((
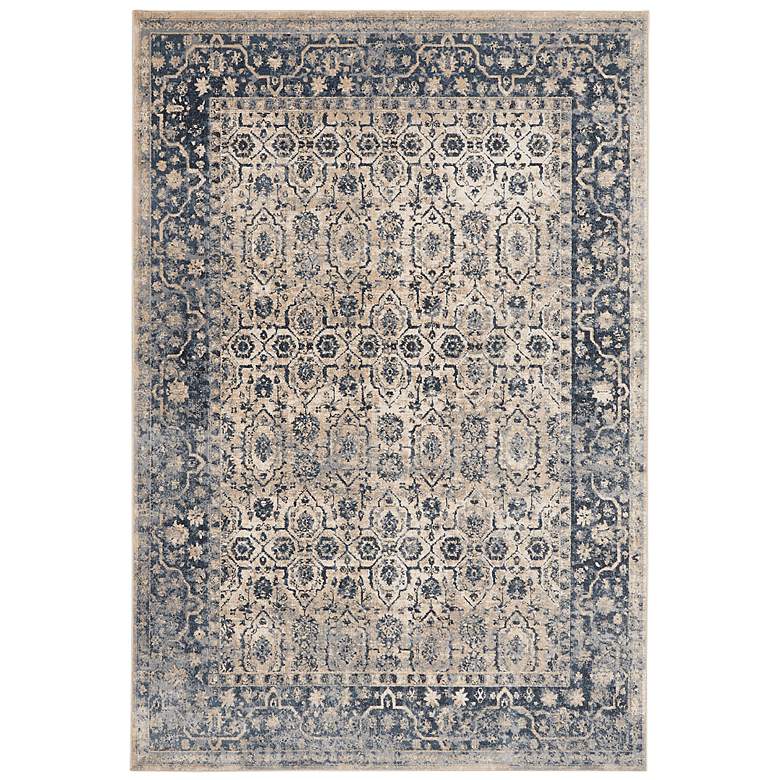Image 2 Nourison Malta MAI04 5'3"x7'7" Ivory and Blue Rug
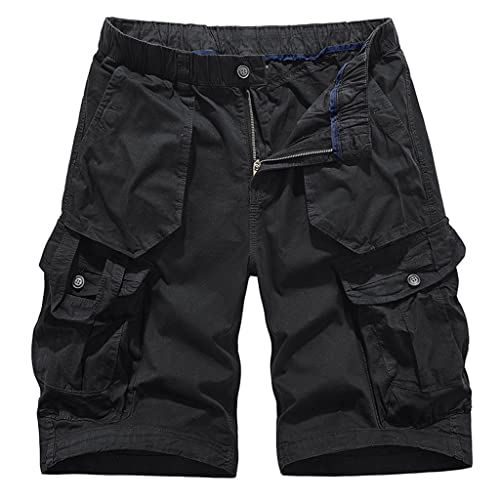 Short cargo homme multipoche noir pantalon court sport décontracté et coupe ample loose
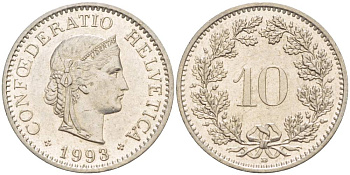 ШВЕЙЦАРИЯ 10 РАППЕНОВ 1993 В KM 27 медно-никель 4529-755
))
((
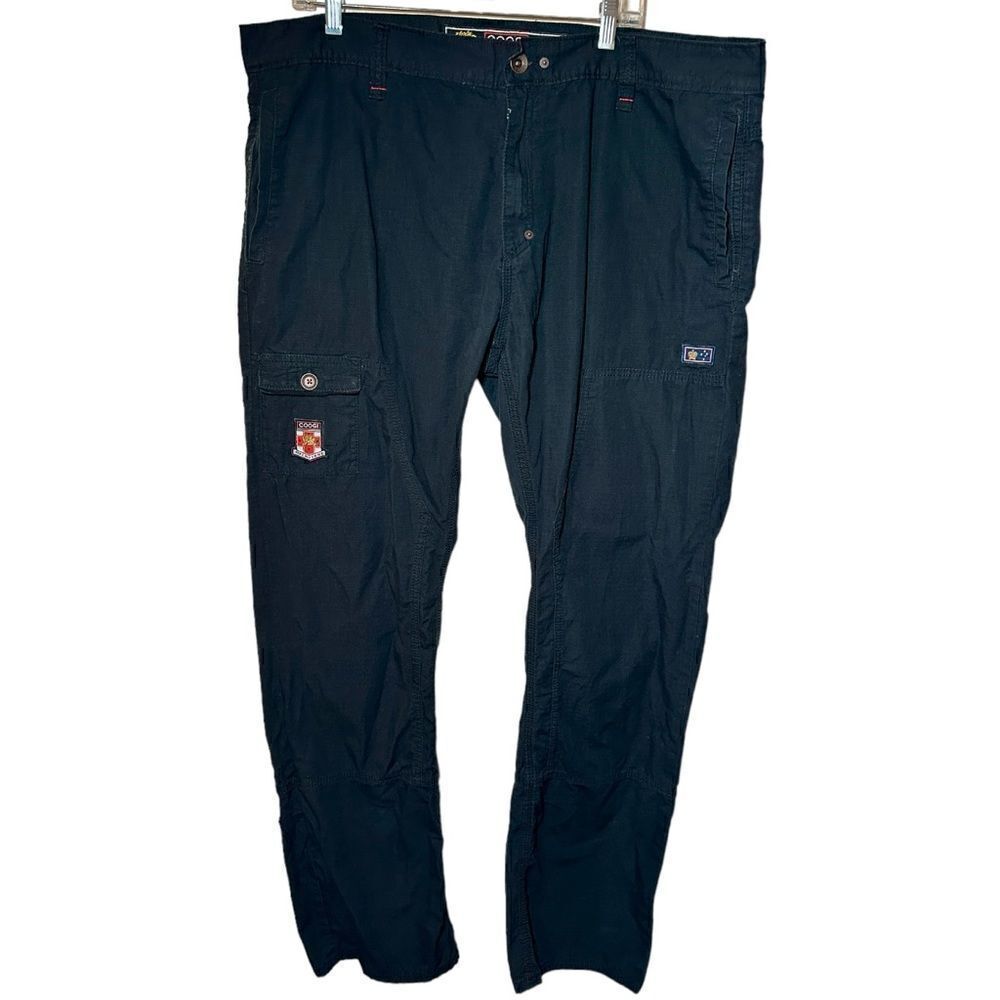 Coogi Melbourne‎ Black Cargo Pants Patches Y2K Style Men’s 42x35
))
--- Your task ---
Out of the records above, please copy exactly the lines from the line with "Image 2 Nourison" up to and including the line with "ШВЕЙЦАРИЯ 10 РАППЕНОВ", minus the pictures.

--- Answer ---
Image 2 Nourison Malta MAI04 5'3"x7'7" Ivory and Blue Rug
 Short cargo homme multipoche noir pantalon court sport décontracté et coupe ample loose
 ШВЕЙЦАРИЯ 10 РАППЕНОВ 1993 В KM 27 медно-никель 4529-755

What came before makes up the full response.